Having received a thorough classical education from his father and attended lectures in dialectics at the University of Mainz, Dietrich studied law at Padua in 1495, and at Bologna in 1497. In 1498 he received the degree of doctor legum at Ferrara, and in 1499 he matriculated at Heidelberg. About 1501 he was in Rome to study antiquities, but soon had enough of the city, and wrote two very caustic epigrams regarding Alexander VI. On his return to Mainz a succession of honours awaited him during the brief remnant of life that was allotted to him. In 1505 he became canon at St. Stephen's Church, Mainz, in 1506 vicar-general, in 1508 prothonotary and judex generalis, in 1509 diffinitor cleri minoris at St.
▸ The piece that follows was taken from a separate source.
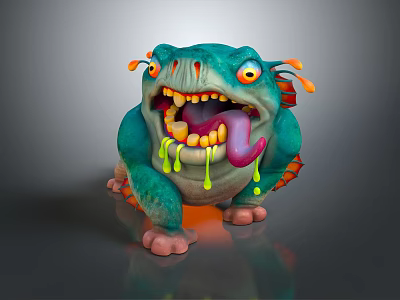 Teal Fantasy Monster With Large Eyes Open Mouth Sticking Tongue Green Orange Slime And Fins 3d model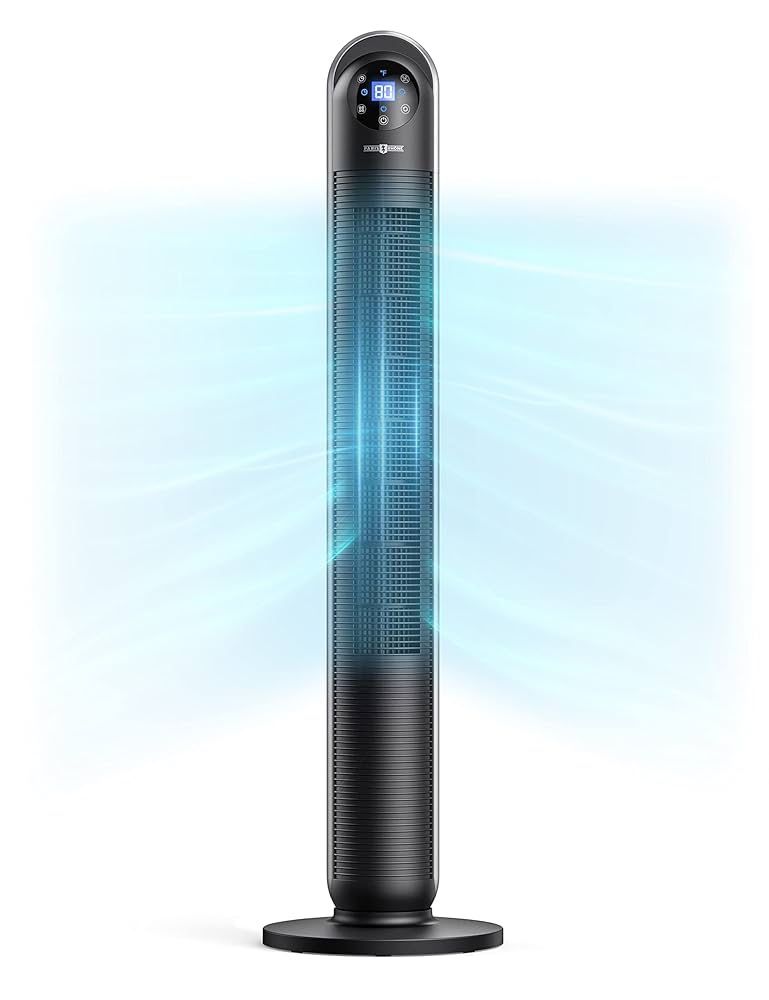 Tower Fan, Paris Rhône Oscillating Tower Fan with 12 Speeds, 24H Timer, 3 Modes, LED Display, Remote Control, Quiet Operation, Portable Bladeless Fan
Stephen's, and in 1510 scholasticus in the same chapter.

His first work was called Lucubratiunculæ (1494) and dedicated to Trithemius. The book is divided into three parts. The first of these, a dialogue in which is discussed the value of the seven liberal arts, met with applause and was reprinted several times. It is worth remarking that this book contains the first plea from the Rhenish country for a reform in the teaching of grammar. His dialogue on the Mainz carnival deals with a humorous subject (1495) at Mainz, he delivered a discourse at a synod presided in the light of a stern censor of the moral life of the clergy. His longest poem tells in moralizing fashion the story of the mutilation of a crucifix by an actor (Historia violate crucis, written about 1505, but not printed until 1512).

Gresemund's hobby was the collection of ancient coins and inscriptions. In 1510 he issued an edition of short texts in Roman archaeology. Death prevented the publication of his works on antiquities, and the manuscripts had been lost. Individual poems were written for the publications of his friends. He died young of hernia, at Mainz.

Erasmus paid him a splendid tribute in his edition of St. Jerome in 1516, and Hieronymus Gebwiler describes him in the following words: "Dietrich was slender of body and of medium height, with well-moulded features, dark hair, grey eyes, even-tempered, without rancour, without presumption, without pride, without affectation, gentle in his manner, and truthful".